#### Task directions:
Among the entries below, only the lines from the one with "- There are" through the one with "Purina ONE +Plus" are wanted, reproduced exactly. Pictures are not wanted.

==== Data excerpts ====

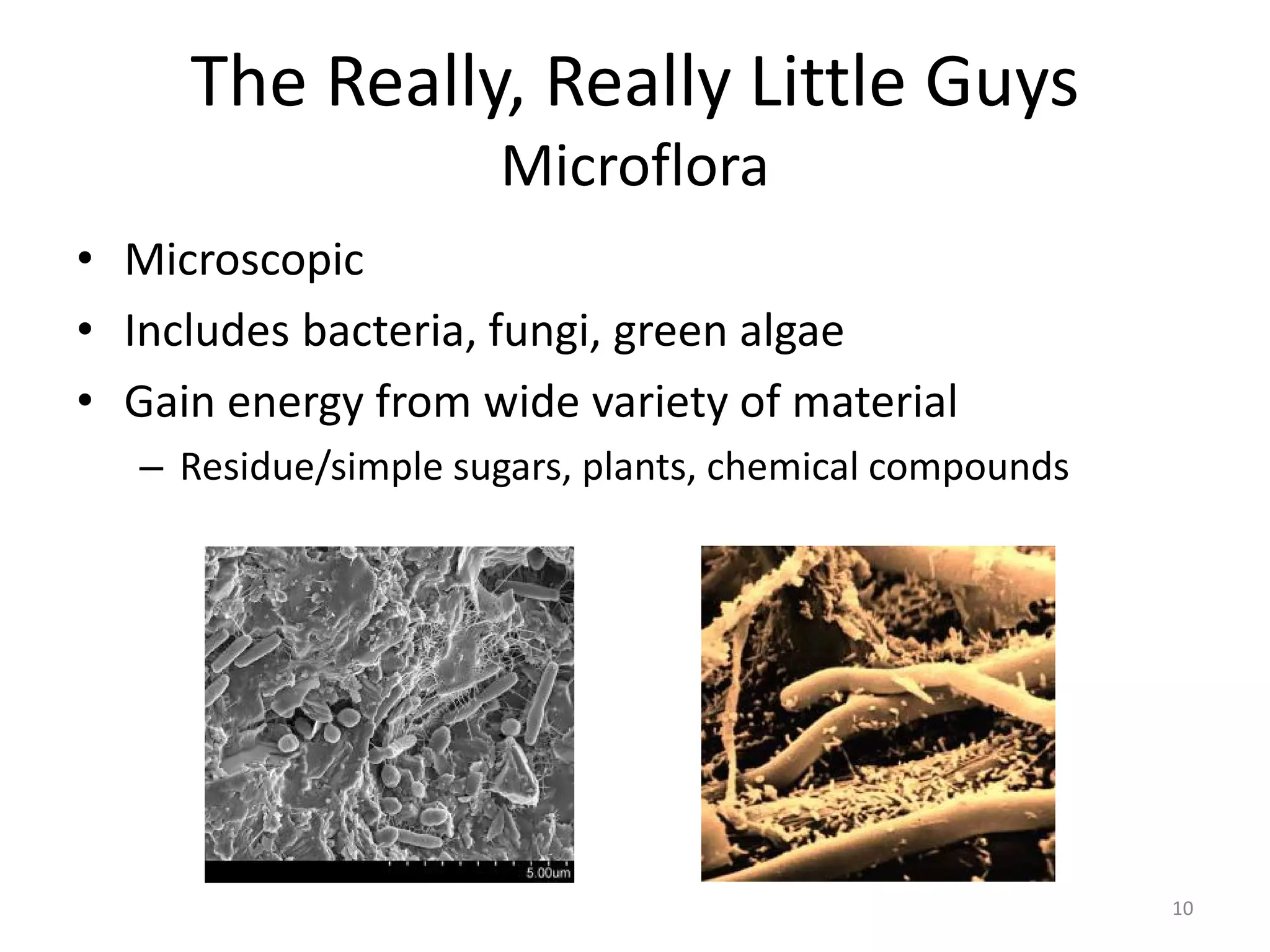 The Really, Really Little Guys
Microflora
• Microscopic
• Includes bacteria, fungi, green algae
• Gain energy from wide variety of material
– Residue/simple sugars, plants, chemical compounds
10
 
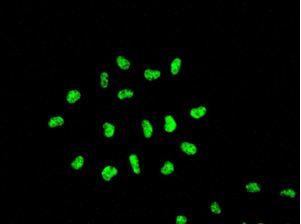 Immunocytochemistry/ Immunofluorescence - Anti-KAP1 antibody [EPR5216] (AB109287), expandable thumbnail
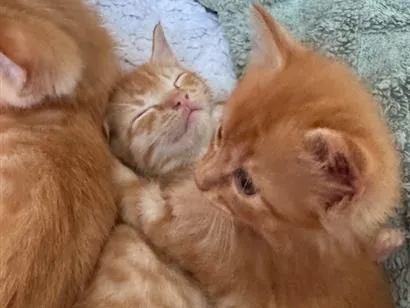 Gato raça SRD-ViraLata idade 2 a 6 meses nome Sem nome 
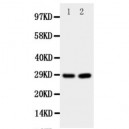 Prion protein PrP Antibody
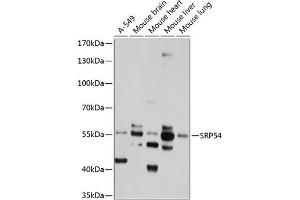 Western blot analysis of extracts of various cell lines, using SRP54 antibody (ABIN1682884, ABIN3018580, ABIN3018581 and ABIN6220502) at 1:1000 dilution. (SRP54 Antikörper  (AA 196-455))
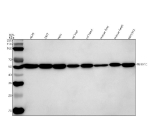 Western blot analysis of Tubulin Alpha using anti-Alpha Tubulin antibody. Lane 1: human whole cell lysates, Lane 2: human 293T whole cell lysates, Lane 3: human Hela whole cell lysates, Lane 4: rat liver tissue lysates, Lane 5: rat heart tissue lysates, Lane 6: mouse liver tissue lysates, Lane 7: mouse heart tissue lysates, Lane 8: mouse NIH/3T3 whole cell lysates. After electrophoresis, proteins were transferred to a nitrocellulose membrane at 150 mA for 50-90 minutes. Blocked the membrane with 5% non-fat milk/TBS for 1.5 hour at RT. The membrane was incubated with rabbit anti-Alpha Tubulin antibody at 0.25 ug/ml overnight at 4oC, then washed with TBS-0.1%Tween 3 times with 5 minutes each and probed with a goat anti-rabbit IgG-HRP secondary antibody at a dilution of 1:5000 for 1.5 hour at RT. The signal was developed using enhanced chemiluminescent. The predicted molecular weight of Tubulin Alpha is at 50 kDa.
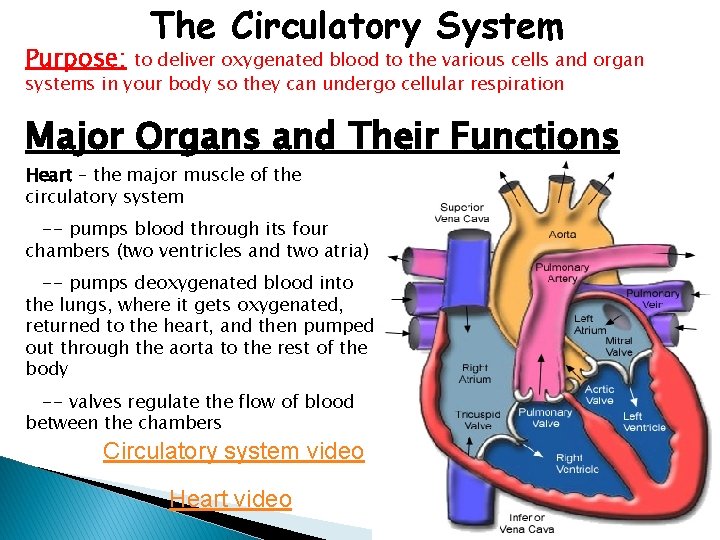 Purpose: The Circulatory System to deliver oxygenated blood to the various cells and organ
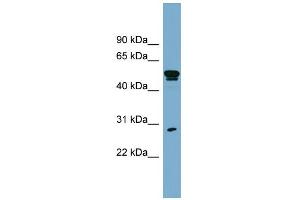 Image no. 1 for anti-Src-Like-Adaptor (SLA) (Middle Region) antibody (ABIN2775348)
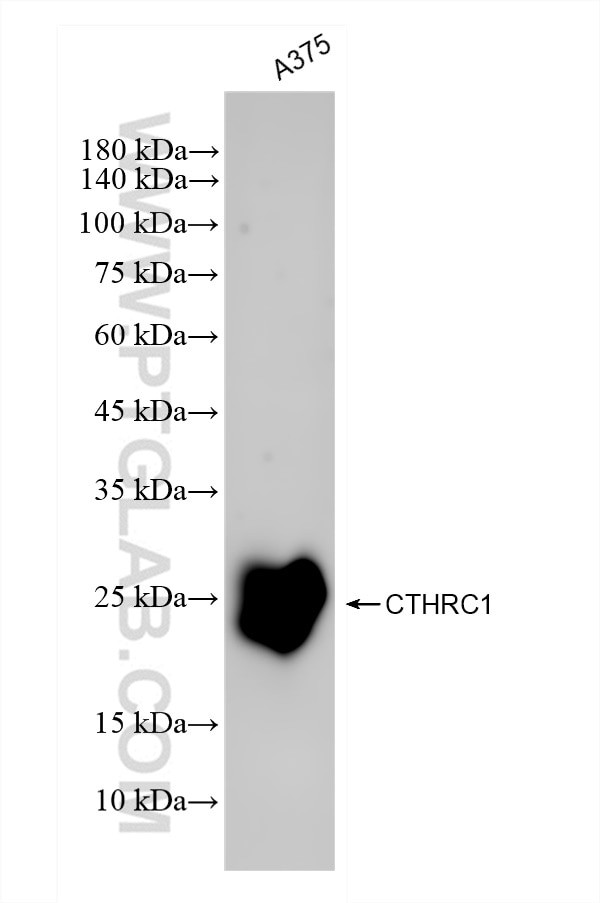 CTHRC1 Antibody in Western Blot (WB)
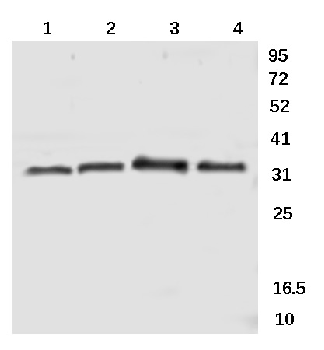 Cyclin G1 Rabbit Polyclonal Antibody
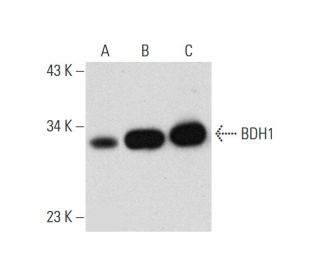 BDH1 Antibody (G-5) - Western Blotting - Image 320211 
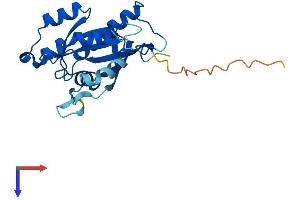 AlphaFold protein structure predicition of Mouse Recombinant Rab39a Protein, UniprotID Q8BHD0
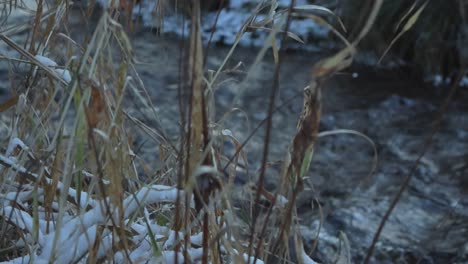cerrar el cambio de imágenes de una orilla del río con alta hierba marrón y amarilla durante el invierno con el agua del río oscuro ondulado que fluye en el fondo donde el enfoque de la cámara cambia a cuando se mueve a la derecha.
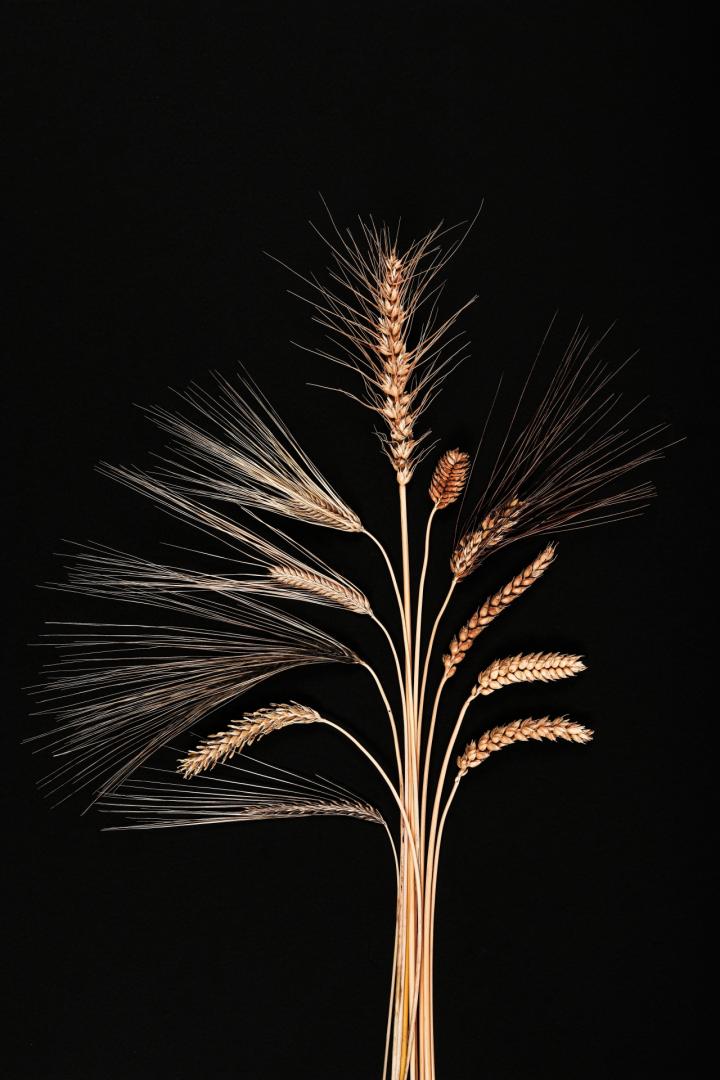 👨‍🎓🌾👨‍🌾📌
Scientists begin building an encyclopedia of their genes.
- There are more than 560,000 #wheat varieties. 
PICTURE =&gt; #IPK Andreas Bähring
#genebank #bankgenów #biodiversity #bioróżnorodność 
#hodowlaroślin #plantbreeding #foodsecurity #barley
cosmosmagazine.com/earth/agricult…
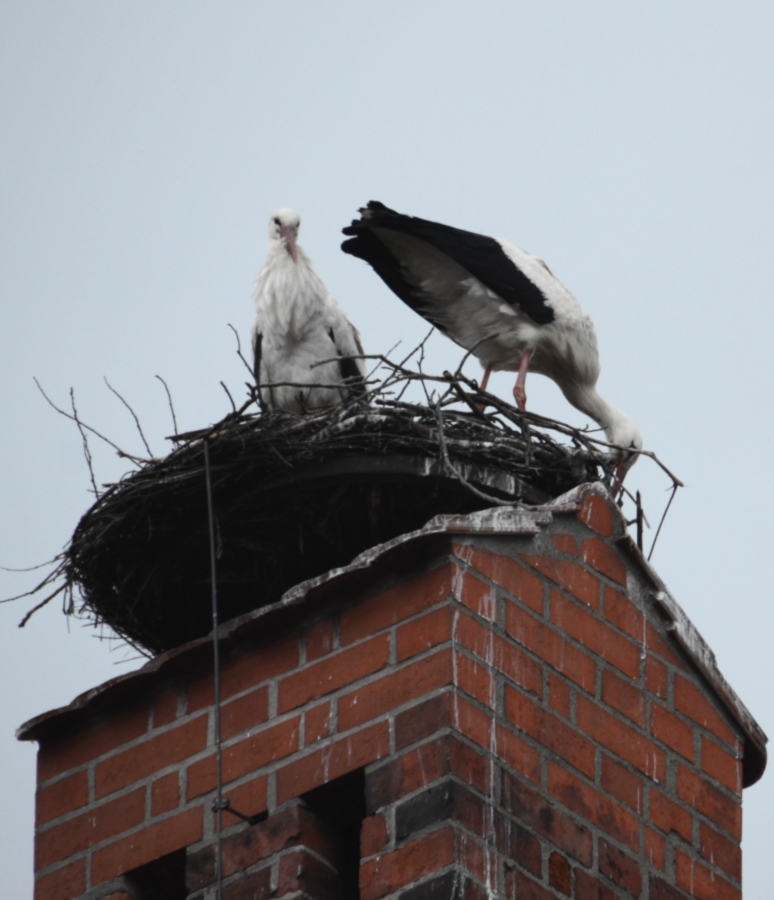 wir bauen uns unser eigenes Nest....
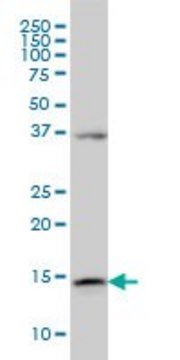 Monoclonal Anti-ENSA antibody produced in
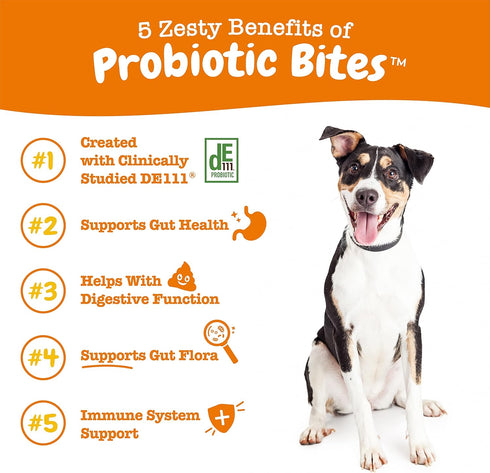 Zesty Paws Probiotics for Dogs - Digestive Enzymes for Gut Flora, Diarrhea & Bowel Support - 50 Count Soft Chew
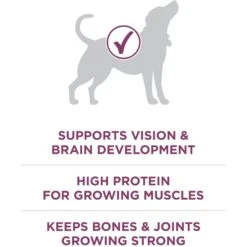 Purina ONE +Plus Natural High Protein Healthy Puppy Formula Dry Puppy Food -Cozy Paws 91979 PT4. AC SS1800 V1647912990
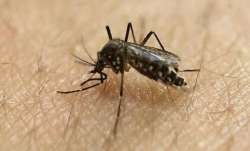 Zika case, zika virus, Uttar Pradesh, Kanpur, Pardevanpurwa, Pokharpur, zika virus patient, zika vir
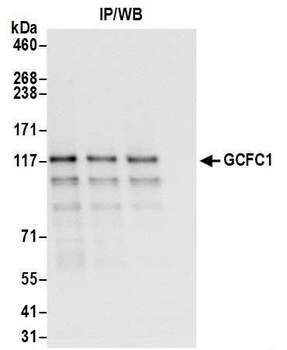 GCFC1 Antibody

====

#### Written response:
- There are more than 560,000 #wheat varieties. 
PICTURE =&gt; #IPK Andreas Bähring
#genebank #bankgenów #biodiversity #bioróżnorodność 
#hodowlaroślin #plantbreeding #foodsecurity #barley
cosmosmagazine.com/earth/agricult…
 wir bauen uns unser eigenes Nest....
 Monoclonal Anti-ENSA antibody produced in
 Zesty Paws Probiotics for Dogs - Digestive Enzymes for Gut Flora, Diarrhea & Bowel Support - 50 Count Soft Chew
 Purina ONE +Plus Natural High Protein Healthy Puppy Formula Dry Puppy Food -Cozy Paws 91979 PT4. AC SS1800 V1647912990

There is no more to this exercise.